__Assigned task__:
Word for word, copy the entire listing below, but do not carry over any pictures.

__Information provided__:
|---|

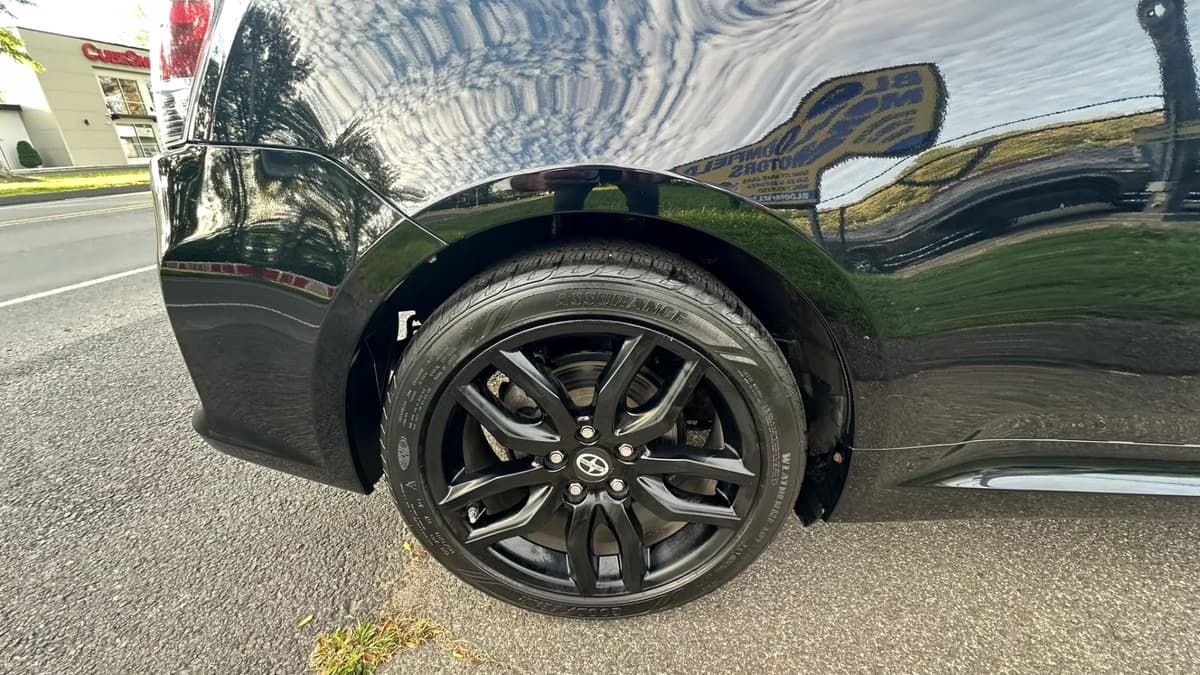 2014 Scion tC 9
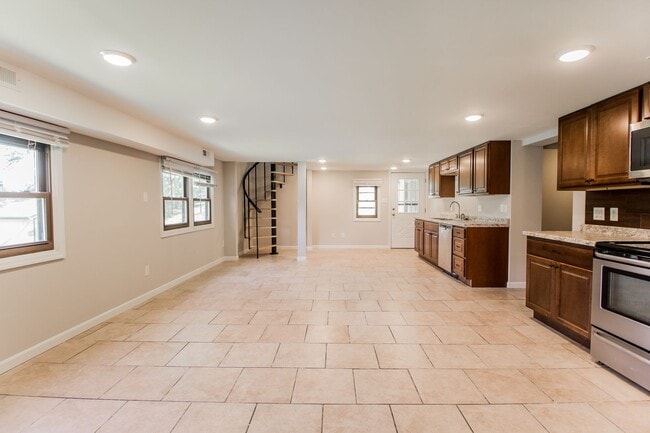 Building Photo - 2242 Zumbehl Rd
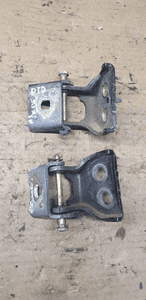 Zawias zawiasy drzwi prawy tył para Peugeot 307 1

|---|

__Solution__:
 2014 Scion tC 9
 Building Photo - 2242 Zumbehl Rd
 Zawias zawiasy drzwi prawy tył para Peugeot 307 1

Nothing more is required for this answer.